__Activity__.
Exact wording is required: transcribe all the entries and leave the images out.

*** Opening Supplied records ***

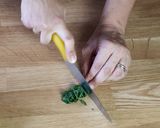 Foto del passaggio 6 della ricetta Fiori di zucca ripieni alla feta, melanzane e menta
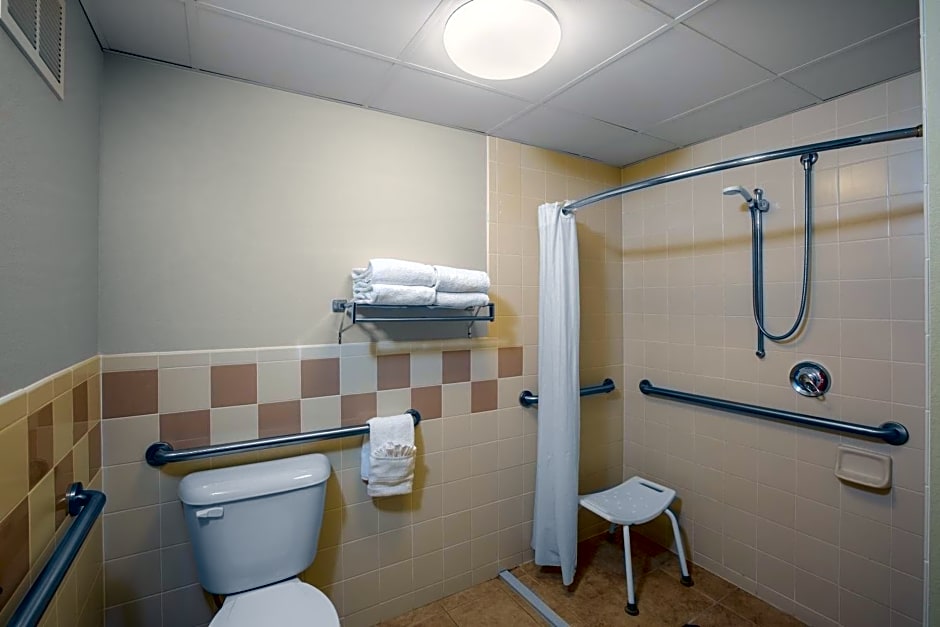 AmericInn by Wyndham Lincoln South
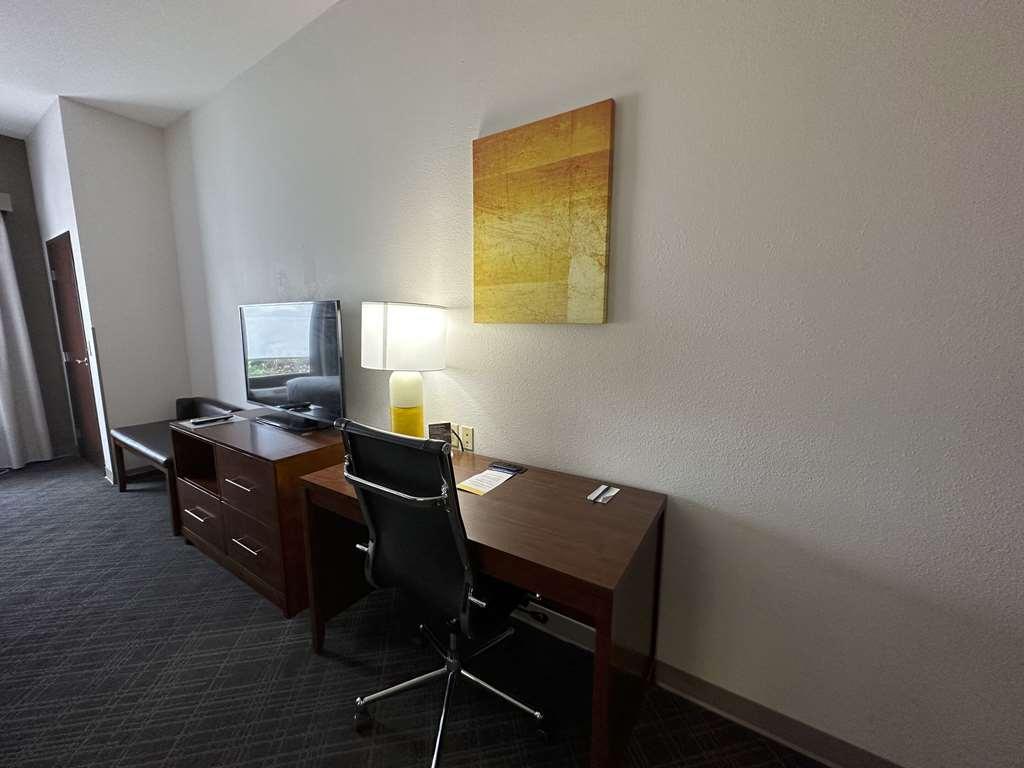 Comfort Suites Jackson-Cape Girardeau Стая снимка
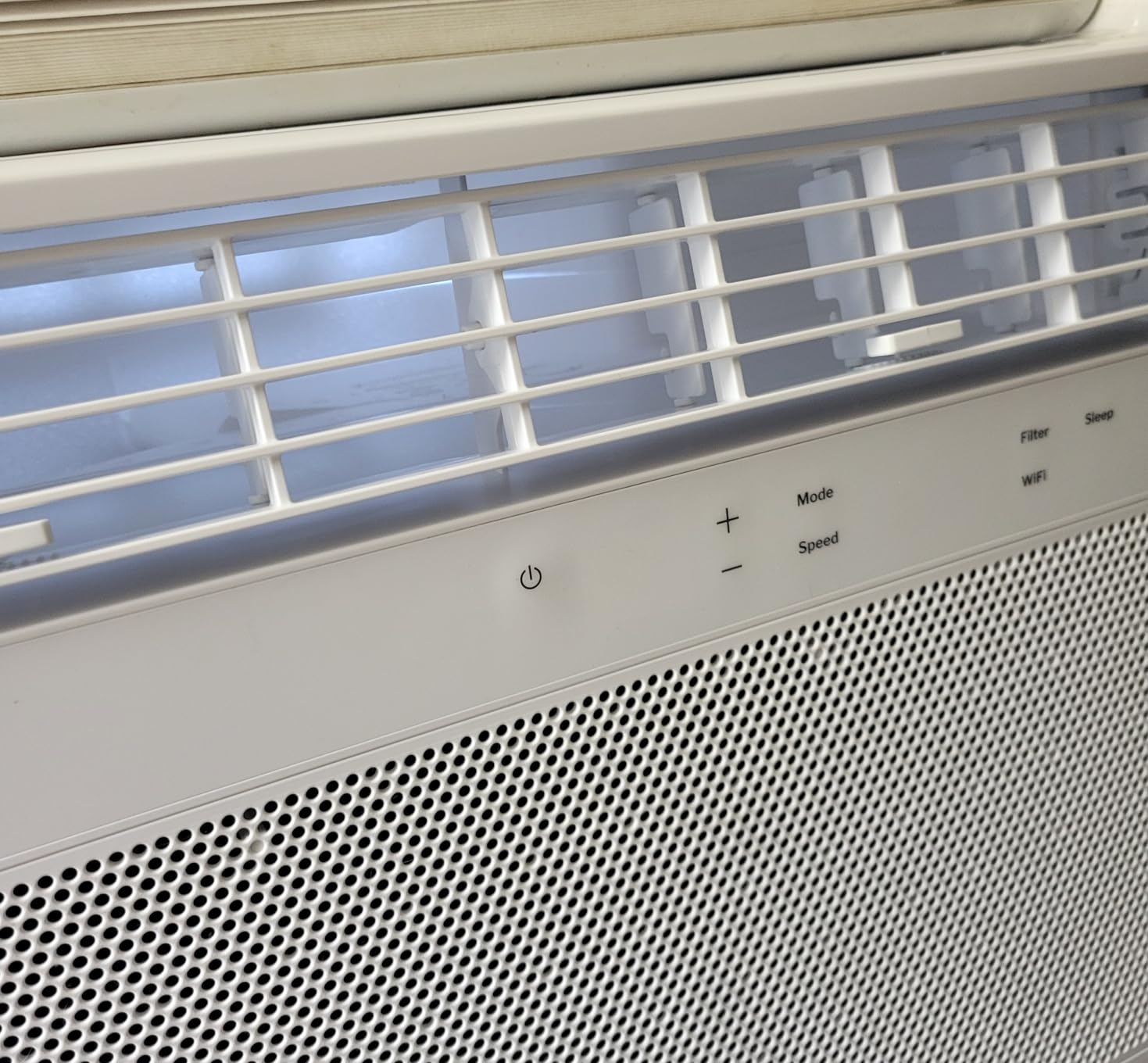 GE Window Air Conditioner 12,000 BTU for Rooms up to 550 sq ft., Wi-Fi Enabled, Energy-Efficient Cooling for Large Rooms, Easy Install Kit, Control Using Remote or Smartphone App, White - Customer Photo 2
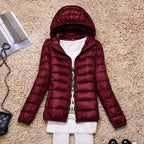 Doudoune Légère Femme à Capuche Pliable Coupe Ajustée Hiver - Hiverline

*** Closing Supplied records ***

__Solution to this exercise__.
 Foto del passaggio 6 della ricetta Fiori di zucca ripieni alla feta, melanzane e menta
 AmericInn by Wyndham Lincoln South
 Comfort Suites Jackson-Cape Girardeau Стая снимка
 GE Window Air Conditioner 12,000 BTU for Rooms up to 550 sq ft., Wi-Fi Enabled, Energy-Efficient Cooling for Large Rooms, Easy Install Kit, Control Using Remote or Smartphone App, White - Customer Photo 2
 Doudoune Légère Femme à Capuche Pliable Coupe Ajustée Hiver - Hiverline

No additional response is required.